Klim Type FoundryがあたらしいAkzidenz-Grotesk(アクツィデンツ・グロテクス)の復刻書体、Söhneをリリースした。整理されない、Akzidenz-Groteskの魅力をつよく意識した新書体だ。デザインしたKris Sowersbyがそのプロセスを記事にしているので抜粋して紹介する(必ずしも翻訳ではない)。記事の最後には衝撃の結末も。

→2010年にニューヨークを訪れ、Unimarkの伝説的なサインシステムを見るために地下鉄駅にむかった。そこでみたものは、理想化され紹介されたマニュアルとは違い、適切に設置されず、汚れたものだった。でも、c、e、sの傾斜したストローク端にみられるグロテスク書体の伝統は、環境にフィットしていると感じた。

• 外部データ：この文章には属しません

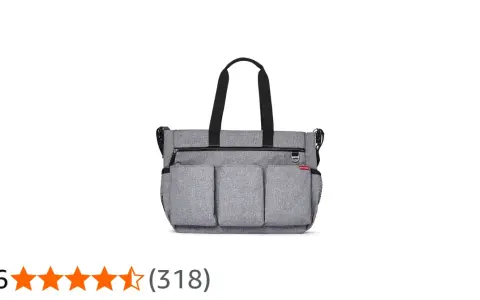 Grå Skip Hop Duo Signature skötväska med många fack. Perfekt för att organisera allt för bebisen.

→LinotypeのAkzidenz-Groteskをデジタル化しようとしたが、満足がいかなかった。自分が求める物質性がないと感じた。

→Akzidenz-Groteskのレギュラーは1898年に15サイズ(スタイルではない)で発売。数年後に細いウエイトが「Royal-Grotesk」の名前で追加され、後にAkzidenz-Grotesk Lightの名前に変更。1909年にHalbfettとFett(Semi-BoldとBold)が追加。1911年に6スタイル追加。1958年に13に増加。1968年には31スタイルに。アメリカでは1957年に発売、おそらくは発音の難しさから「Standard」の名前で販売された。これがUnimarkによるニューヨーク市交通局グラフィックスタンダードマニュアルに採用される。70年の間に市場の需要に応じてスタイルが追加されており、その中に明確な「正解」はなく、計画されて制作される今日的な「ファミリー」とは異なる。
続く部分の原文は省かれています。